That would be extremely powerful, and also would allow you to differentiate your extension from the Quarto one.


I actually released my extension around the same time that the Quarto extension came out. Quarto is great for documents running R code or needing some of Quarto's advanced document features. My extension has scroll sync and the preview updates live while you type. If you need code execution, you can use multiple Jupyter kernels per document and execute inline code. Also, code execution is non-blocking, so the preview still updates when you type, and code output appears live as it becomes available.


Pandoc is a great piece of software. As a university teacher and researcher, I use it in three ways:

1. I write markdown for my website and for the websites for my research projects and simply generate standalone html out of it. Done.

2. When we create electronic exams, the exam platform takes questions using a html-backed rich text editor. We write down our exam questions using markdown, create html document fragments, that we simply paste into the exam platform.

3. When students do electronic exams, we receive xml files from our exam platform. We use python to pass on submissions to different submission checkers (akin to autograders or static analysis) and create yaml files with the student submission and grading suggestions and static analysis annotations. We manually review and grade and comment within the yaml file (that works incredibly well), collect all the data using python and generate markdown reports for each student, including their submission, our comments and scoring. We pass this markdown through pandoc, creating well layouted pdfs which we either print and hand out or send out electronically.

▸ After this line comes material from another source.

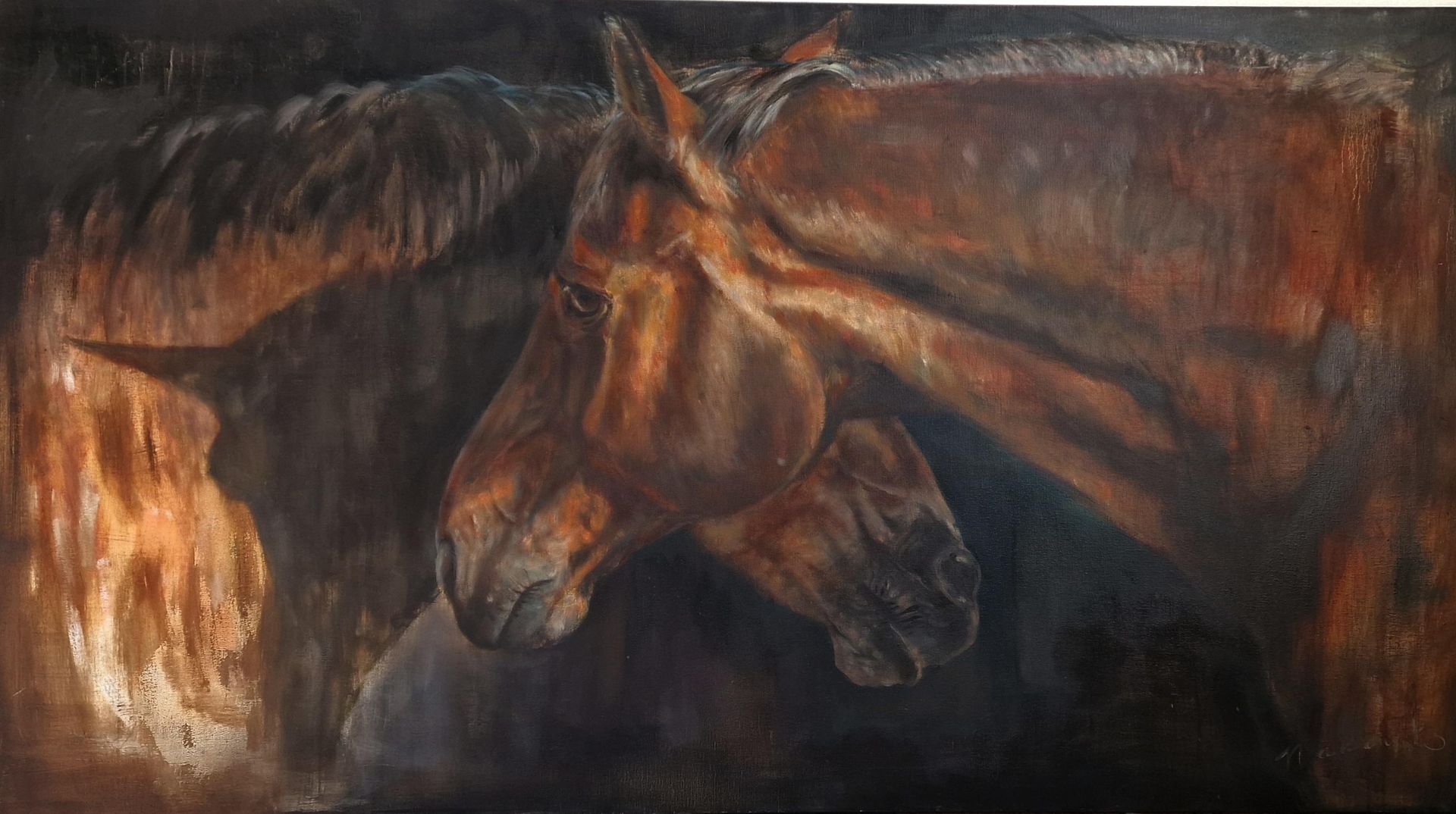 paardenportret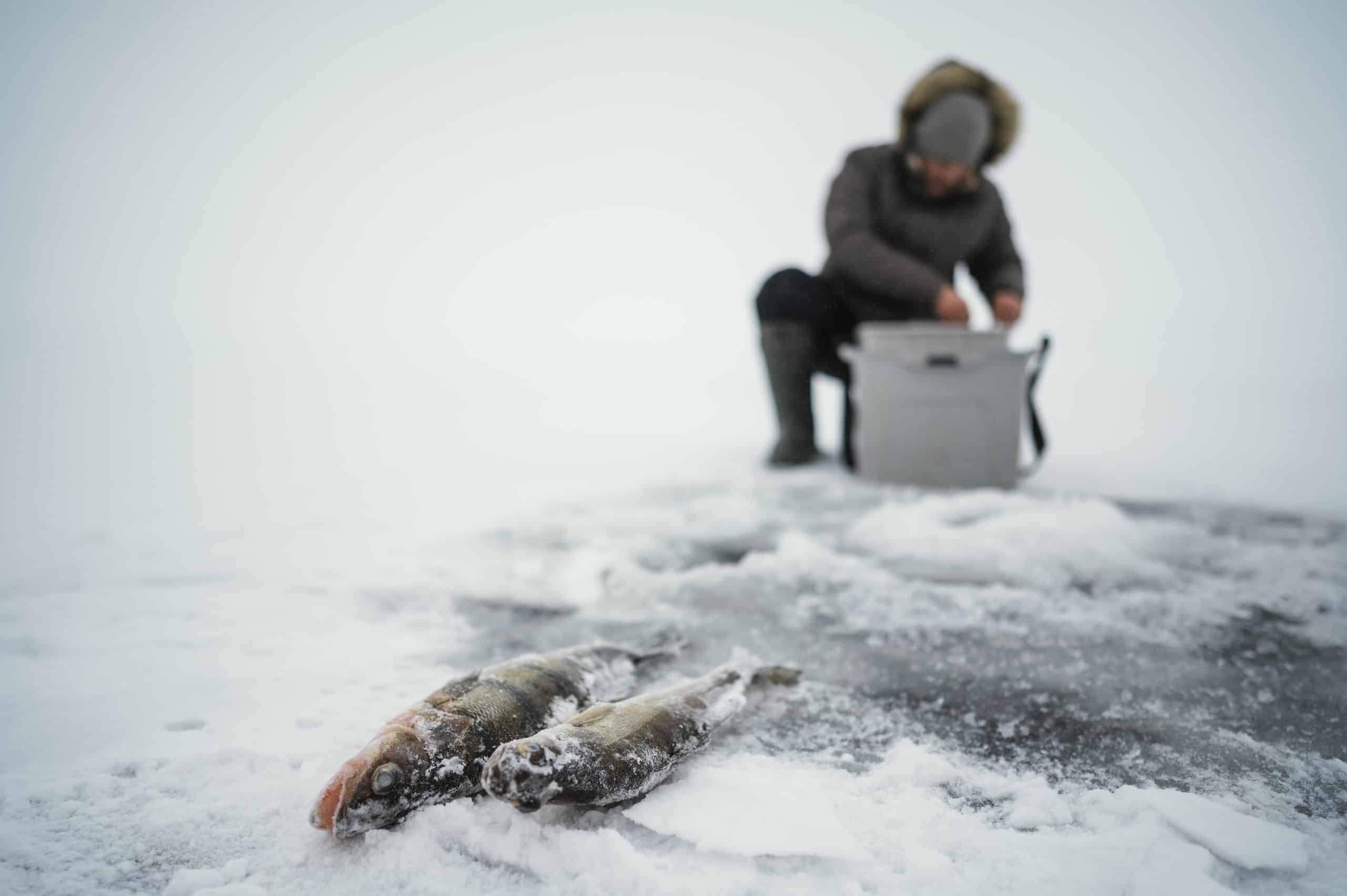 Ice Fishing for Walleye: Depth, Timing and Jig Cadence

Pandoc fits our yaml+markdown-based processes very well. Only for the actual research papers we still write LaTeX and build pdfs without pandoc.


Interesting! I use a very similar process for creating exams and student projects, but am the only one in my department who does so. Are any of your processes/tools publicly available? (Mine are basically cobbled together in Haskell and Python.)


Sorry, same. There's such a myriad of e-learning platforms in Germany and I guess it's the same for most countries.

I would believe the same goes for our own research static analysis and autotrading platform (in our case SQL) which probably every CS department also has quite a few of.

I wouldn't put my hopes up for anything publicly available that fits your platform and has a bus factor higher than 1.


Ah well, I can dream, I guess :)

Every now and then, I ponder putting some of my scripts together into something I could actually hand over to someone else, but have not yet had the time.


for the research papers which you write in LaTeX you should have a look at MonsterWriter.

Disclaimer: I'm the creator of MonsterWriter and very keen to receive feedback and learn about how universities and their students write papers, thesis, ...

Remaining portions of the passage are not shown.